Les insecticides sont dangereux pour les abeilles. Tous les insecticides. Pas seulement les néonicotinoïdes qui servent aujourd’hui de bouc-émissaire aux environnementalistes. Tous les insecticides, y compris bios. L’humanité doit-elle pour autant arrêter d’utiliser des insecticides ?
Le dossier néonicotinoïdes
Il y a deux ans, l’UE a décidé une suspension de certains usages de certains néonicotinoïdes, accusés d’être la cause de mortalité d’abeilles. Cette suspension devait permettre de mieux évaluer le risque en conditions réelles.
En fait, d’une part la notion même de déclin des abeilles est questionnable, d’autre part quand il y a mortalités d’abeilles, les causes sont multiples. Voir par exemple ici et ici sur ForumPhyto. Accuser les néonicotinoïdes semble être un raccourci commode, mais non justifié.
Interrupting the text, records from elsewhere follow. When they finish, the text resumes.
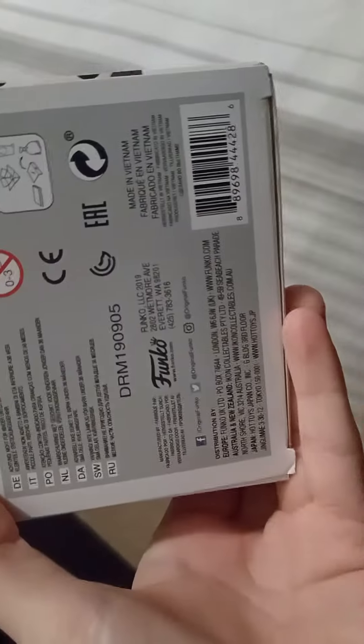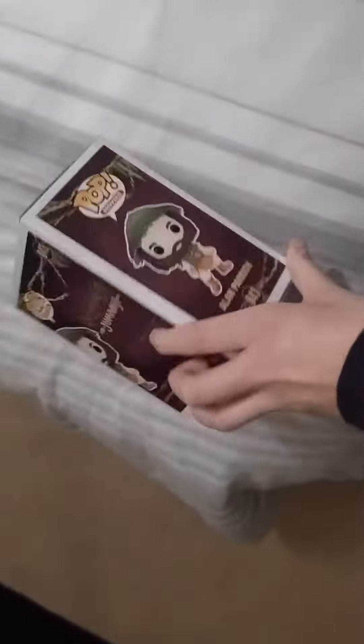Also hit the like button, subscribe, and turn on notifications as well. And here's the back of it.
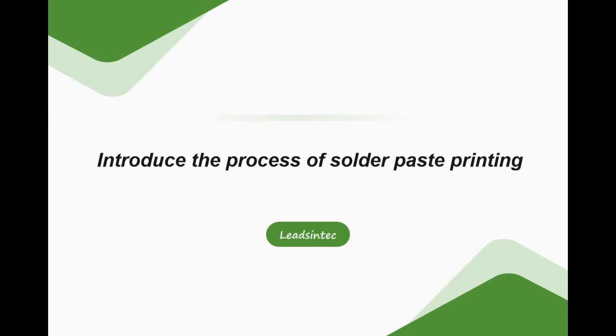Hi everybody, see you again. In the last week's video, I introduced how to choose solder paste. Today, I will talk about the topic of the solder paste printing process. I reckon this is the most important process in the PCB industry.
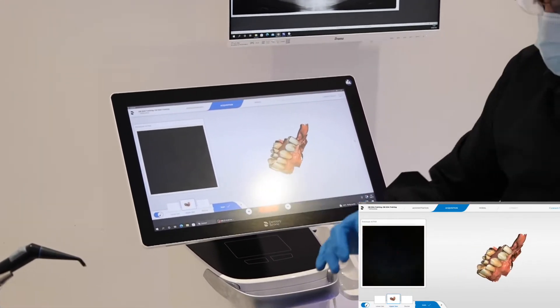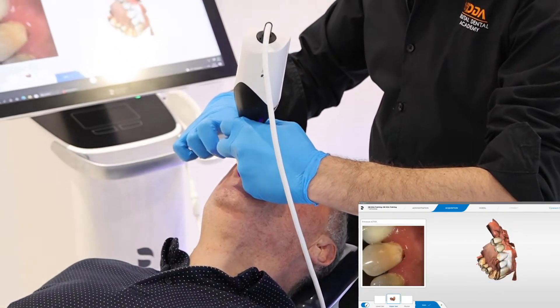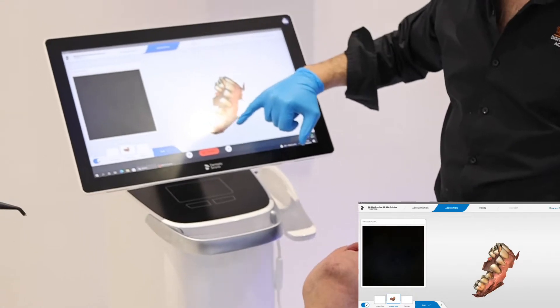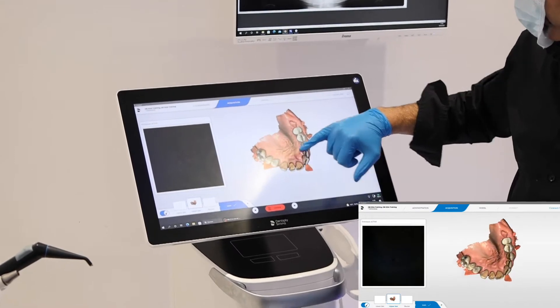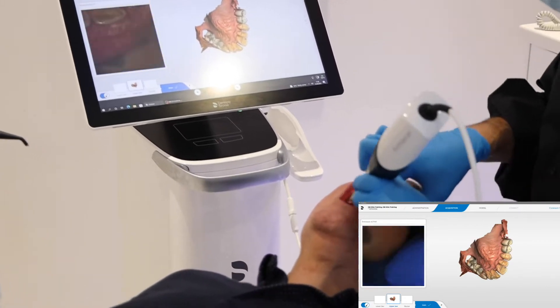There are a couple of spots there we want to finish scanning, and that's the top tool done. We want the soft tissue extension and a few millimeters around the actual teeth as well, and that will allow us to get a nice export for the STLs we need.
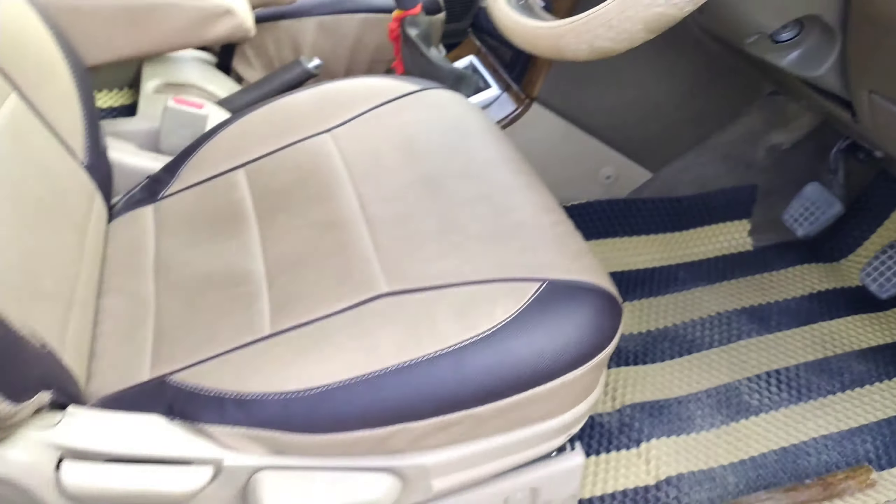Here are the AC vents at the rear — they simply pull air from here and throw it over there. You also get a 12V charging socket, an ashtray, and a seat pocket because of the seat cover. This car gets a seat pocket in the seat as well, and you get a nice amount of cubby hole storage too.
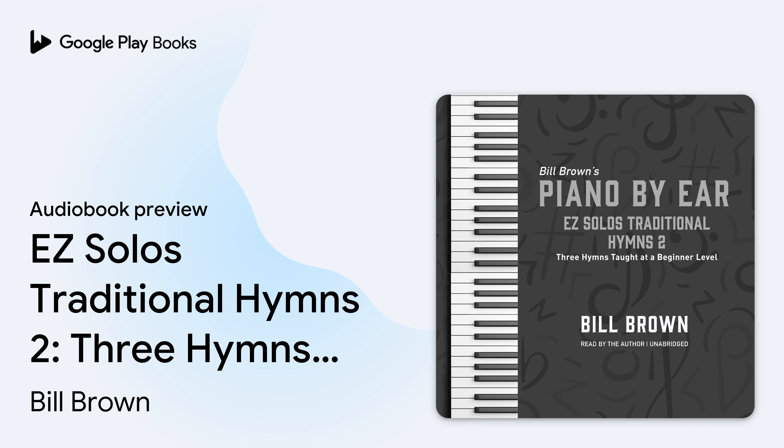Well, let's start with the Old Rugged Cross. Let me play through the piano solo version of it first, and then I will teach it to you step by step. Here is the Old Rugged Cross.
Dans quelques semaines, l’UE doit décider d’une prolongation ou non de ce moratoire. C’est l’occasion d’une nouvelle offensive environnementaliste contre les néonicotinoïdes.
Dans « EFSA : les néonicotinoïdes déclarés coupables… par principe », Wackes Seppi montre comment les environnementalistes manipulent l’information scientifique pour attiser la peur. Il montre aussi la timidité (au mieux) ou l’incompétence (au pire) des autorités.
« Toute la communication est fondée sur la notion de risque – plus exactement de danger. Rien sur l’exposition – qui permettrait de mieux évaluer le risque, au sens propre. Rien sur les mesures de réduction ou de mitigation des risques.
Rien sur les bénéfices – le rapport bénéfices-risques […]
Rien sur les avantages et inconvénients comparatifs […]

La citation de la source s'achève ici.